The instability of language—especially during times of psychological distress—is another theme Evenson ponders frequently in Song for the Unravelling of the World. In “The Second Door,” a sister’s language metamorphoses into an incomprehensible “clatter of metal,” leaving her brother to doubt that she is his original sister, but rather a copy that must be eliminated. A character in another story, who occupies a ruined tower in a post-apocalyptic wasteland, and who has been half-eaten or half-possessed by another creature, has “a strange warble to her voice, as though she were speaking underwater.” A monster in “The Hole,” who has invaded the bodies of the crew members of an interplanetary vessel, has trouble negotiating singular and plural pronouns (since it is now a multiple being), and must experiment with the “eccentricit[ies]” of a newly acquired language.

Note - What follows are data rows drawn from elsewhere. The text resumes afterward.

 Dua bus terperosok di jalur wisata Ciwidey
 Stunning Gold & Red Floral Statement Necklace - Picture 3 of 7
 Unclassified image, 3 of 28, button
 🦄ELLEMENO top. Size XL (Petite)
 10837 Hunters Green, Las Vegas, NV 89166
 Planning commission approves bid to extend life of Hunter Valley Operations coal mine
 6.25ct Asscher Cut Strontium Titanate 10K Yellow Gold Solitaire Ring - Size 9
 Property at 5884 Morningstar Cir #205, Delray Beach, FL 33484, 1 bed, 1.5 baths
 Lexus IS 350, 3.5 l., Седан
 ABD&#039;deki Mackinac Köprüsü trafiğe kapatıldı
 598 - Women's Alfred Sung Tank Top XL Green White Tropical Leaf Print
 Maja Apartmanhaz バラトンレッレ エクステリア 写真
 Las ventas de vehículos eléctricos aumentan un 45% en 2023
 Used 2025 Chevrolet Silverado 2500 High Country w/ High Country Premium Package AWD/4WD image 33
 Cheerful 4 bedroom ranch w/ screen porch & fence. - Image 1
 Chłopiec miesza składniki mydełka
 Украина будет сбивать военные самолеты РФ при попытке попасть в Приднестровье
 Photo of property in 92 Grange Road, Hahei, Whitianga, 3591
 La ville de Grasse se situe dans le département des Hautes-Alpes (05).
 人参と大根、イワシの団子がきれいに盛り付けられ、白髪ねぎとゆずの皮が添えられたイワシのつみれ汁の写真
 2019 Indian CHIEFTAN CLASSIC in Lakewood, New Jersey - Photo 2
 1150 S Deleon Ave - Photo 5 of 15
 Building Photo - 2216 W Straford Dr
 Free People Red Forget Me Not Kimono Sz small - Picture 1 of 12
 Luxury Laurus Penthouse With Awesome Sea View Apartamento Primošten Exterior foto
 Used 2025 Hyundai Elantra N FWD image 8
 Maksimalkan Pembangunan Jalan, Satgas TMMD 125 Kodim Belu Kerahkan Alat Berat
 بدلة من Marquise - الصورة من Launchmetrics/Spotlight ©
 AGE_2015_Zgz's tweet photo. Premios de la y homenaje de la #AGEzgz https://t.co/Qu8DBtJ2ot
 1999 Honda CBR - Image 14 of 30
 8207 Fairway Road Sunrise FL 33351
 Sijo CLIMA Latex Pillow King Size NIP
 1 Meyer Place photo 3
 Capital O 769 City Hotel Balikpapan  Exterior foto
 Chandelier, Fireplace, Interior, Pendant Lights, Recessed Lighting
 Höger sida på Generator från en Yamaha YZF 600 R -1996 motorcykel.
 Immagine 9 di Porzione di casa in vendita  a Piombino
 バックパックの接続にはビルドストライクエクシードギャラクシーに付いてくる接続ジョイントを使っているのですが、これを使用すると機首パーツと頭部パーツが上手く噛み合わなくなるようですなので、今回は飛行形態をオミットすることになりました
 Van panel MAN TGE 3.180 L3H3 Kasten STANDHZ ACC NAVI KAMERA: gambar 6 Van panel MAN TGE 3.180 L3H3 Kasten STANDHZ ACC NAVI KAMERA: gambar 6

Evenson goes to great lengths to undermine, to deterritorialize, to estrange us from our linguistic and ontological habitats. He breaks the iron grip of realism and peels back the monstrous underbelly of life, much like his predecessors in the weird genre. Evenson pays homage to H.P. Lovecraft, in particular, in “Lord of the Vats,” wherein yet another monster breaks into an interstellar craft. The only surviving crew member sees “nonsense words” etched in the floor:
Anyone familiar with Lovecraft’s Cthulhu Mythos will immediately recognize the cosmic entity, the mysterious Old One, Yog-Sothoth, from “The Dunwich Horror” and other stories; and in The Case of Charles Dexter Ward, this particular incantation is used to reanimate the dead. Evenson cleverly appropriates this slice of Lovecraft lore for his own horrific narrative ends in “Lord of the Vats.”
While there is a fair amount of conceptual recycling, and one encounters similar ideas and problems in multiple pieces, Evenson always finds ways to add nuance to well-trodden ground. Almost every story instilled me, at some point or other, with that sense of creeping, intellectual dread that is Evenson’s calling card. For lovers of the weird and horror genres, this is a collection not to be missed. Check it out on June 11.